*** Opening Records for processing ***

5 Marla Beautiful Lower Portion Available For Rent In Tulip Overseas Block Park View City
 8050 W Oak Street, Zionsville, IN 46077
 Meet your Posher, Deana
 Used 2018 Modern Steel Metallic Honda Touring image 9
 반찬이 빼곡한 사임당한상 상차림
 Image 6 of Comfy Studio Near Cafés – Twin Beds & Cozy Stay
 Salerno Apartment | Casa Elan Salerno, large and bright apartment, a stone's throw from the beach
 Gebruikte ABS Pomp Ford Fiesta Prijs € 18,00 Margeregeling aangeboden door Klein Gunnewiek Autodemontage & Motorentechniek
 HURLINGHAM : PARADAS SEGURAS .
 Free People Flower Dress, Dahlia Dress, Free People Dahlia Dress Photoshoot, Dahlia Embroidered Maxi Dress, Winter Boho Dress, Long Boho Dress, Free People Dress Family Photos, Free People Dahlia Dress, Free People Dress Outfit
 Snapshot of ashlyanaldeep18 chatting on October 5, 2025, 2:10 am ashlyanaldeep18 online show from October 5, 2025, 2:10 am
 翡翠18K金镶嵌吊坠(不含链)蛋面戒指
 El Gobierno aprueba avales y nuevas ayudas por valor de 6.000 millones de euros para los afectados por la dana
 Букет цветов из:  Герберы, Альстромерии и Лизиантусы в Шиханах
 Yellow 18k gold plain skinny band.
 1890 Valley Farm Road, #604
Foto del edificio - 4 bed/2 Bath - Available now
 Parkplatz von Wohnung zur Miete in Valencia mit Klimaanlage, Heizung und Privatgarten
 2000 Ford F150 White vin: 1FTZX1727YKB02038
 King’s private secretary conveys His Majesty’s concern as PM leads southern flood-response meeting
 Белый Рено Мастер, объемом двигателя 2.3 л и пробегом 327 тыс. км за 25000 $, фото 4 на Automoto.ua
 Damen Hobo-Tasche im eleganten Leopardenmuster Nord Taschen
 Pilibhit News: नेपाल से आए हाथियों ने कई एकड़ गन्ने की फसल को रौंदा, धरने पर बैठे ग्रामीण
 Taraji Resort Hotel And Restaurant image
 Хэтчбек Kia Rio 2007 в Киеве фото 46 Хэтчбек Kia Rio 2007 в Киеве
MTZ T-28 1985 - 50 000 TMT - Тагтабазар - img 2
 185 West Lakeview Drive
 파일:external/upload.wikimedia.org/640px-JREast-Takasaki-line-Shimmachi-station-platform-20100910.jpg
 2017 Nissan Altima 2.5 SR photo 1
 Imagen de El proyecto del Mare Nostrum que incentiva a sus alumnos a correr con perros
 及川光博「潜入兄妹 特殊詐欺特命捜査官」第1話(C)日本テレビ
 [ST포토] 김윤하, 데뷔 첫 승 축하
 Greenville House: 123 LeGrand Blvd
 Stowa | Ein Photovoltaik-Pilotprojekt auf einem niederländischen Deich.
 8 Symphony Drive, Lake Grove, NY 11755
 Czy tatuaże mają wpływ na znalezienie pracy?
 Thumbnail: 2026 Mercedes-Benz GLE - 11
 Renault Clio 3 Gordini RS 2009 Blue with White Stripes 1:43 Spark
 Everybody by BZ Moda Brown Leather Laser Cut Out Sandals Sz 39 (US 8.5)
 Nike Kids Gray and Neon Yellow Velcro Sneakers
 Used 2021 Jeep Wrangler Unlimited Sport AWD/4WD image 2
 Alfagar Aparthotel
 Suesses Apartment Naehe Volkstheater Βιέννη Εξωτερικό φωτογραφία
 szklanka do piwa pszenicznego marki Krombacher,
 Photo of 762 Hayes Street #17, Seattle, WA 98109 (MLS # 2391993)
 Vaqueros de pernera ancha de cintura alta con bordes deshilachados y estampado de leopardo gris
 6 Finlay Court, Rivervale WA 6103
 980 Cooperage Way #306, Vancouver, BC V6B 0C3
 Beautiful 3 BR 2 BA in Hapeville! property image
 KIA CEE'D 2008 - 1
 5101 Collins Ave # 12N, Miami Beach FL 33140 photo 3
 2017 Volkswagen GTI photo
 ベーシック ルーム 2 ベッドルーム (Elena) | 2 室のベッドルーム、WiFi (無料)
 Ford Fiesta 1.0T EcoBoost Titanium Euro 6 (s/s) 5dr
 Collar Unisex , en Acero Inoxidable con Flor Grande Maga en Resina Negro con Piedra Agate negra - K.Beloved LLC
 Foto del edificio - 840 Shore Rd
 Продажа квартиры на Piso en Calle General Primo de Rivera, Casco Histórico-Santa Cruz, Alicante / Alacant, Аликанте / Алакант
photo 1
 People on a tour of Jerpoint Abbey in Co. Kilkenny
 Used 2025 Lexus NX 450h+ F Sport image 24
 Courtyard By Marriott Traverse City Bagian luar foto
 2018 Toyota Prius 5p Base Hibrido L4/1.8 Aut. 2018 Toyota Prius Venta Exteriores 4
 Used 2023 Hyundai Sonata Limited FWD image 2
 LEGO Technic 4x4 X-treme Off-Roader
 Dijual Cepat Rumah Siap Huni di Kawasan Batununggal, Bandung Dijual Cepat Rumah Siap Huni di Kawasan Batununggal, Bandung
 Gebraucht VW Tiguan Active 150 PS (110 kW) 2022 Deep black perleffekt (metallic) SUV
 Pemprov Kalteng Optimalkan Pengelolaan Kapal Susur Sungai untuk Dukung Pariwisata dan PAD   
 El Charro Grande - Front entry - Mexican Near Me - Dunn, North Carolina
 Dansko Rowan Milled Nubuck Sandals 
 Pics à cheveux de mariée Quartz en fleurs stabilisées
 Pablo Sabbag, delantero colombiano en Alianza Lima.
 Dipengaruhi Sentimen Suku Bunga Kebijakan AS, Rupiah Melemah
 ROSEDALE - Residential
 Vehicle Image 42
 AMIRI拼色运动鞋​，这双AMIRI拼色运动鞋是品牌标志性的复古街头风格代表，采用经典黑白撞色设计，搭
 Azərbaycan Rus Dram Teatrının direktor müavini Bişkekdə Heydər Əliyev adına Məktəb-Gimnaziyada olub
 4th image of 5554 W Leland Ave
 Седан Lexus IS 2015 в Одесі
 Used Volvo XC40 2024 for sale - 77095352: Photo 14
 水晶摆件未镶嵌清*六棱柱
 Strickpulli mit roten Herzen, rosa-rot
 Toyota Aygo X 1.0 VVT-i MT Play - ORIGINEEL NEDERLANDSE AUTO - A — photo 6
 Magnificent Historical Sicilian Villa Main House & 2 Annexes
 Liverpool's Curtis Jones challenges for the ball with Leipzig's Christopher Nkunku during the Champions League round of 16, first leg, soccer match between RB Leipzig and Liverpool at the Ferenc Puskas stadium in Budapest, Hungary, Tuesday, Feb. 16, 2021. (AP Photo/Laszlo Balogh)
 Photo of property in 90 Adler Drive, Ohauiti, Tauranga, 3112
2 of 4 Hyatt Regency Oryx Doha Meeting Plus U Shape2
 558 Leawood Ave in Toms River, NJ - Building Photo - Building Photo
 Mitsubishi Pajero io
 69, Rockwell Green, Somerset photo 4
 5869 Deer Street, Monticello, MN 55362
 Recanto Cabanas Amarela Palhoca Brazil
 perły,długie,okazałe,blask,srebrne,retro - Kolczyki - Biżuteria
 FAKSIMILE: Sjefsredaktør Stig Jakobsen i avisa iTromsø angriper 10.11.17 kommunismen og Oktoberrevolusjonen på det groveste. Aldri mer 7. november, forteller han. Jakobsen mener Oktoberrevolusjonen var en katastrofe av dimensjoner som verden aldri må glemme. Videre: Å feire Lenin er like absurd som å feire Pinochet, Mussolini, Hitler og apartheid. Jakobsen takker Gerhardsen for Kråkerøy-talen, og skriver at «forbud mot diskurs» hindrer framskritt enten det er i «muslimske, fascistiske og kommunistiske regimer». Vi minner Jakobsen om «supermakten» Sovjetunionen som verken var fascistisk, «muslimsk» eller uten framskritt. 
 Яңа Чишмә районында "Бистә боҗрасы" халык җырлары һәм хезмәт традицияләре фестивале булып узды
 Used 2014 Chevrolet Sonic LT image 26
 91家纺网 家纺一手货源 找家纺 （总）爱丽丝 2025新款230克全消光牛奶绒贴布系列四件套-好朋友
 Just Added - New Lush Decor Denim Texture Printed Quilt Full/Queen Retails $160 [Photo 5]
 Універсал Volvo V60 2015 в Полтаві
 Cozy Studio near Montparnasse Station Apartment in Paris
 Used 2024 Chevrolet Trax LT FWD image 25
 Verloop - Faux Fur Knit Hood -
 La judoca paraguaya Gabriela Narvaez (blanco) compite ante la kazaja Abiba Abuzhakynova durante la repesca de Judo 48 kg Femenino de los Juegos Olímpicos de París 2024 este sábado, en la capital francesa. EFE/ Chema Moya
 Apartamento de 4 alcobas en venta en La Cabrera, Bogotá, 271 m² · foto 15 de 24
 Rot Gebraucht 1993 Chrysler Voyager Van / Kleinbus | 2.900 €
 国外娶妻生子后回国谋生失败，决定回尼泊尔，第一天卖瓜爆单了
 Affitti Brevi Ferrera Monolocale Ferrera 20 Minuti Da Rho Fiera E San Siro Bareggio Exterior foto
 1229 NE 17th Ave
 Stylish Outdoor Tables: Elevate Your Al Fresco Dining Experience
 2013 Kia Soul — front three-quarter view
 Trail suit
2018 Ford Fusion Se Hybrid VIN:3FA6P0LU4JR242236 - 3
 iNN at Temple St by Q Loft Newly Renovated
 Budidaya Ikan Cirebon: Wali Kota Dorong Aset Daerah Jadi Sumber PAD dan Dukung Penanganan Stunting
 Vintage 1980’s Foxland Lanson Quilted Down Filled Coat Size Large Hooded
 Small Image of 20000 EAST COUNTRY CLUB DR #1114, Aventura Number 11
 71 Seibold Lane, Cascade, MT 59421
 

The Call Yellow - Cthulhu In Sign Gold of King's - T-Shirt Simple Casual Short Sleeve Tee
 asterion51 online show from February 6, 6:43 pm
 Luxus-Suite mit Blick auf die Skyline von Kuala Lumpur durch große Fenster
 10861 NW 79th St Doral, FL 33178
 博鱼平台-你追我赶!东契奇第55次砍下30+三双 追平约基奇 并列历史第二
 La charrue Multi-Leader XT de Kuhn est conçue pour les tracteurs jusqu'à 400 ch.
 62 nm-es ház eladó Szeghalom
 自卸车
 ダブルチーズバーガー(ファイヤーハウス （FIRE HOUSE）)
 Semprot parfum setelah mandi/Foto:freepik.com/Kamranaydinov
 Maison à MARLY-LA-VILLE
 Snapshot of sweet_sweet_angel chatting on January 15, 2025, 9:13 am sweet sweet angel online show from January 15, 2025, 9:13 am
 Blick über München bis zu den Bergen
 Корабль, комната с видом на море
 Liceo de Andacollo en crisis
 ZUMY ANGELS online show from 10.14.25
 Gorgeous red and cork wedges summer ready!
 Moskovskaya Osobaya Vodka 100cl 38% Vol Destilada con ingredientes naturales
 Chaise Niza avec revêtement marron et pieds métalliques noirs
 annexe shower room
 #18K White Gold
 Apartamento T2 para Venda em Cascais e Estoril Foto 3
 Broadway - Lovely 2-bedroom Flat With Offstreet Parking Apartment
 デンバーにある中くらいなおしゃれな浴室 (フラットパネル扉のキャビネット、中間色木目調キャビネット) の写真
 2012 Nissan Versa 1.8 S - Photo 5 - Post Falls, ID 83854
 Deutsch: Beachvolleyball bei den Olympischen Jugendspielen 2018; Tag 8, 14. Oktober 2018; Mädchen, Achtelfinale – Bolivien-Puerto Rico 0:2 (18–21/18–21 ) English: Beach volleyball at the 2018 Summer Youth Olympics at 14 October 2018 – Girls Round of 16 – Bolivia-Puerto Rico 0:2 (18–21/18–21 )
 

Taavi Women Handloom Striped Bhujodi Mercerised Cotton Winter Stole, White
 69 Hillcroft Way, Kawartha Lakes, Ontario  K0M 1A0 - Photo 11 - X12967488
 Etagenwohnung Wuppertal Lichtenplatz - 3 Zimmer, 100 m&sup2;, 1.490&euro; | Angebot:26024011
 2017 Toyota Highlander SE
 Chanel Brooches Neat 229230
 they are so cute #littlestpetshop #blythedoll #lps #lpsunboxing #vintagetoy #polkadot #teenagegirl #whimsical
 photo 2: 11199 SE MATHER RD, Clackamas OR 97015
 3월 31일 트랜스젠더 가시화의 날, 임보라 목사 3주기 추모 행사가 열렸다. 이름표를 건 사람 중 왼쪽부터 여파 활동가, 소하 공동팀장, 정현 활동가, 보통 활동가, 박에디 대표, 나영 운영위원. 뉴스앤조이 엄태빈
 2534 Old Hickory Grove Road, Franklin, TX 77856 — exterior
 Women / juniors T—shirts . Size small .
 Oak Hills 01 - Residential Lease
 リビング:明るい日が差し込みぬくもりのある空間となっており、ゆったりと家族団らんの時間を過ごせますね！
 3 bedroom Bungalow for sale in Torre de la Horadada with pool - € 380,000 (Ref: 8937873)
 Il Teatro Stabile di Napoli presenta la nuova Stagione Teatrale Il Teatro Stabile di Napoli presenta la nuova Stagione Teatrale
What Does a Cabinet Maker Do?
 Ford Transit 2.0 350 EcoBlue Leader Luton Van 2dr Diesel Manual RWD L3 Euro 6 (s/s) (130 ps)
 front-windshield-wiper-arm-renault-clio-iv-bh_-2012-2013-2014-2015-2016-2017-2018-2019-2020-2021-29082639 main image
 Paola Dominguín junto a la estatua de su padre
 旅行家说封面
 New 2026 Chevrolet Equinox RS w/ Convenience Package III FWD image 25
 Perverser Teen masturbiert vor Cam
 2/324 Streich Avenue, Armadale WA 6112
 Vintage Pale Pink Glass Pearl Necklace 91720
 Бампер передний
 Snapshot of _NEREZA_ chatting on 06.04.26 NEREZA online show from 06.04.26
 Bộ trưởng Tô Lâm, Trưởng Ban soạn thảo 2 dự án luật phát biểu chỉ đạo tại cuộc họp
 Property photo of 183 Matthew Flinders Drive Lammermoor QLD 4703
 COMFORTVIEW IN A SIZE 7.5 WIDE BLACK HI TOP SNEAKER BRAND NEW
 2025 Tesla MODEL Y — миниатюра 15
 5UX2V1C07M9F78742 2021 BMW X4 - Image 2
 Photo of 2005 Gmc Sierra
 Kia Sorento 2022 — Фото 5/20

*** Closing Records for processing ***

Task details: Check each line of the entries for the string "Apartment". Copy the lines that have it.

Answer for this exercise:
 Salerno Apartment | Casa Elan Salerno, large and bright apartment, a stone's throw from the beach
 Suesses Apartment Naehe Volkstheater Βιέννη Εξωτερικό φωτογραφία
 Cozy Studio near Montparnasse Station Apartment in Paris
 Broadway - Lovely 2-bedroom Flat With Offstreet Parking Apartment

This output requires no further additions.